-------- DATA PROVIDED

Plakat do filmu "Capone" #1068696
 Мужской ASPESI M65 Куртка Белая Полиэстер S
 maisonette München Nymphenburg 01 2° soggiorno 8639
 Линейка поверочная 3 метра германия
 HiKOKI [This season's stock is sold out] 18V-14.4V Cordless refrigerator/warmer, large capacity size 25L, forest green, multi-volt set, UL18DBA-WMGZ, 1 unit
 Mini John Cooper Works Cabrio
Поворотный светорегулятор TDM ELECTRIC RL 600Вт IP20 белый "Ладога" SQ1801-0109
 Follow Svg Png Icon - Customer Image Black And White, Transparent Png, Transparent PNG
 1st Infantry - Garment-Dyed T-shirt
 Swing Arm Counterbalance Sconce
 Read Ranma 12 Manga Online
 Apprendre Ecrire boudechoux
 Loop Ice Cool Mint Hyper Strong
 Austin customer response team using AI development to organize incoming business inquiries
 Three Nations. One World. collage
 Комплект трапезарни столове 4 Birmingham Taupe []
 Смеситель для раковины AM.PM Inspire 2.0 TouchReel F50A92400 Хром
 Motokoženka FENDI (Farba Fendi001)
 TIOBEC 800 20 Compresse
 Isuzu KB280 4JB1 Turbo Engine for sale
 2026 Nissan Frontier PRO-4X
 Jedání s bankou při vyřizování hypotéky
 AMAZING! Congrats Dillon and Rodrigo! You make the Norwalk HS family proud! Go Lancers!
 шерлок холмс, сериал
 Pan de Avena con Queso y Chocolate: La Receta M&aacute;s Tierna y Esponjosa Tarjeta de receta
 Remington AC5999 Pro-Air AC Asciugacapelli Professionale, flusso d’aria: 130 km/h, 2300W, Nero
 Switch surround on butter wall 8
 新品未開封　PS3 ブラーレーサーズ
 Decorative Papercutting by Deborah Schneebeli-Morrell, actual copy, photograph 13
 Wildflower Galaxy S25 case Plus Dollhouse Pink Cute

----------------

For this exercise, transcribe all the records exactly.

Plakat do filmu "Capone" #1068696
 Мужской ASPESI M65 Куртка Белая Полиэстер S
 maisonette München Nymphenburg 01 2° soggiorno 8639
 Линейка поверочная 3 метра германия
 HiKOKI [This season's stock is sold out] 18V-14.4V Cordless refrigerator/warmer, large capacity size 25L, forest green, multi-volt set, UL18DBA-WMGZ, 1 unit
 Mini John Cooper Works Cabrio
Поворотный светорегулятор TDM ELECTRIC RL 600Вт IP20 белый "Ладога" SQ1801-0109
 Follow Svg Png Icon - Customer Image Black And White, Transparent Png, Transparent PNG
 1st Infantry - Garment-Dyed T-shirt
 Swing Arm Counterbalance Sconce
 Read Ranma 12 Manga Online
 Apprendre Ecrire boudechoux
 Loop Ice Cool Mint Hyper Strong
 Austin customer response team using AI development to organize incoming business inquiries
 Three Nations. One World. collage
 Комплект трапезарни столове 4 Birmingham Taupe []
 Смеситель для раковины AM.PM Inspire 2.0 TouchReel F50A92400 Хром
 Motokoženka FENDI (Farba Fendi001)
 TIOBEC 800 20 Compresse
 Isuzu KB280 4JB1 Turbo Engine for sale
 2026 Nissan Frontier PRO-4X
 Jedání s bankou při vyřizování hypotéky
 AMAZING! Congrats Dillon and Rodrigo! You make the Norwalk HS family proud! Go Lancers!
 шерлок холмс, сериал
 Pan de Avena con Queso y Chocolate: La Receta M&aacute;s Tierna y Esponjosa Tarjeta de receta
 Remington AC5999 Pro-Air AC Asciugacapelli Professionale, flusso d’aria: 130 km/h, 2300W, Nero
 Switch surround on butter wall 8
 新品未開封　PS3 ブラーレーサーズ
 Decorative Papercutting by Deborah Schneebeli-Morrell, actual copy, photograph 13
 Wildflower Galaxy S25 case Plus Dollhouse Pink Cute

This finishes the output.